In this mode one of the helm's three panels displays the Tactical Operating Environment (TOE) grid, which provides a 3D representation of the vessel’s position relative to other vessels and astronomical objects (AOs) such as planets.

Another panel is used for impulse navigation and displays a map and details of major AOs in the current star system. It also displays the ambient electromagnetic (EM) output of the system’s star, as this has a masking effect which could obscure other vessels from detection by EMDAR.

 From top: Impulse maneuvering panel; impulse navigation panelThe central panel is used for impulse maneuvering, which controls the vessel’s speed and heading. As the engines are a major EM emitter (which can be detected by other vessels) this panel also displays the vessel’s current EM output.

The helm is located at the front of the new sim room, configured in a horizontal layout – that is, the three panels are laid out flat next to each other, rather than mounted vertically. This configuration can be used sitting or standing (the helm pedestal can be raised).
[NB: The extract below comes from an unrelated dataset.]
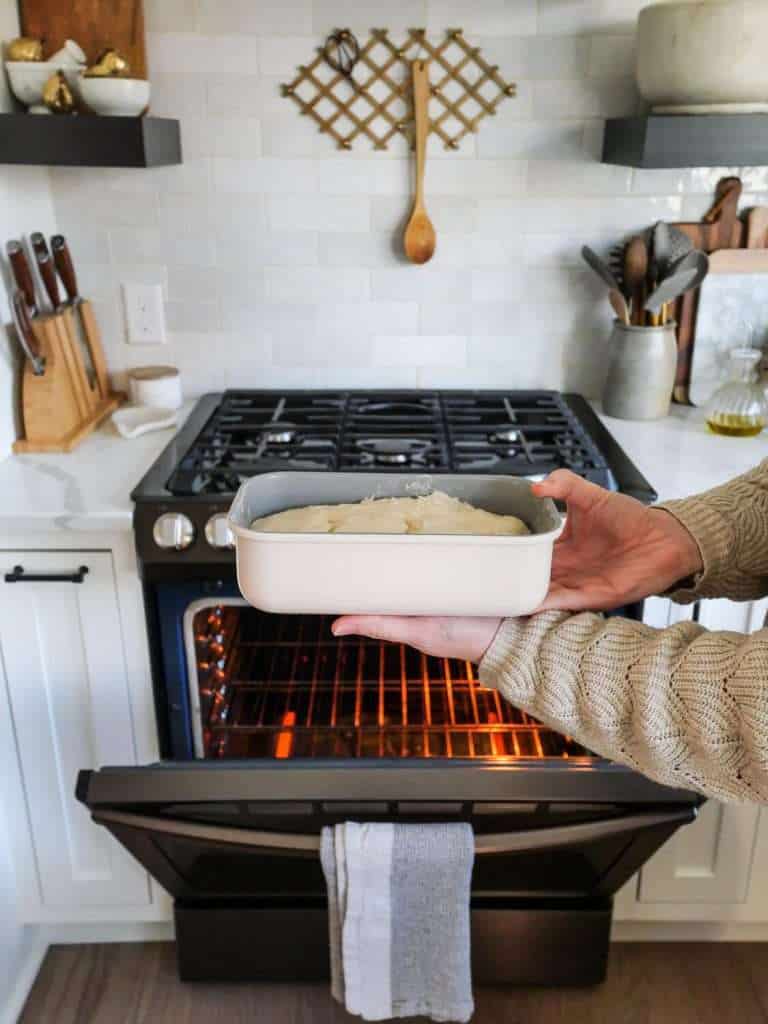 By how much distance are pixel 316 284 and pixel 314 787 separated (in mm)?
1031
There’s debate on whether there should be a big viewscreen on the wall in front of the helm (Star Trek style). There’s certainly a space there for it, but the designers argue that the conn (Captain’s chair) will have its own screens for information and so a big viewscreen is just a distraction for everyone else.
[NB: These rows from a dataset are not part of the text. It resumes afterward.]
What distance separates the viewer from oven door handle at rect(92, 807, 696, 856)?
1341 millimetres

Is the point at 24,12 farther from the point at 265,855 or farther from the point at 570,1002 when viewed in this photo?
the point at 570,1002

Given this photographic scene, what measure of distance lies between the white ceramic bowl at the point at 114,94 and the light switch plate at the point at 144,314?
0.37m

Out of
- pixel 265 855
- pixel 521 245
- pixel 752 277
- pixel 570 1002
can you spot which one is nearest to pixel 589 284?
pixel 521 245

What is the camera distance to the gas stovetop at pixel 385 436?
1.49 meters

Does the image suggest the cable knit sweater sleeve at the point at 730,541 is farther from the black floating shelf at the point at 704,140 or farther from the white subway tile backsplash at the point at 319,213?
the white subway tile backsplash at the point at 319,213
What do you think? Share your thoughts in the comments.

Right now the helm is being used in simulations to develop flight procedures and training exercises. Other simulations involving the helm are helping to refine the accuracy of EM profiles, which predict how EM output by vessels dissipates over distance. Getting this right is fundamental to the accuracy of EMDAR systems.


paulm's picture

Are three screens going to be enough for everything the helm does? Including FTL and RCS? This just seems to cover impulse.

Chief_Sonya's picture

The intention is you would shift those panels between flight modes. When you were in FTL, for example, you wouldn't need access to some of the impulse screens (like inpulse nav, for example) so you would repurpose that panel for FTL. 

As I understand it that console hardware configuration is expandable - you could up to add another three monitors behind the ones you see in the pic.

Nick's picture

Some people might expect a big viewscreen because shows like Star Trek have normalised that on Federation vessels. The big viewscreen suits Federation style operation - collaborative and open - with frequently the whole bridge being invited to participate in or comment on whatever's happening on the viewscreen. It varies on other ships. Dominion vessels are at the other end of the spectrum with no viewscreen and unquestionable Vorta captains receiving all command related info through their visor.

In Star Wars large vessels tend not to have them, with bridge crew each having their own panels and often not all facing the same direction. The captain makes all command decisions and crew don't comment on them.

The ISDC being a military style organisation no large viewscreen on the bridge might make sense. If the bridge layout draws inspiration from submarines - captain's chair at the back in the middle and with their viewscreen in place of a periscope - many people would just see submarine-in-space and think that normal. There could be one or more conference rooms with big viewscreens for times / scenes when you need that.

mattm's picture

In this configuration the conn will have two panels, displaying a read-only version of the contacts board that also includes the compass and vessel EM output. The other screen will be the TOE grid. The screens can be repurposed as needed, though.

If we had a big viewscreen then, what would be useful to display on it? The TOE grid springs to mind, but that's of limited use if it's fixed in a 360º environment (or it could be linked to show whatever view the conn's TOE panel is showing).

The current configuration is by no means fixed - one of the points of the modular design is to provide for experiemntation and trying different options.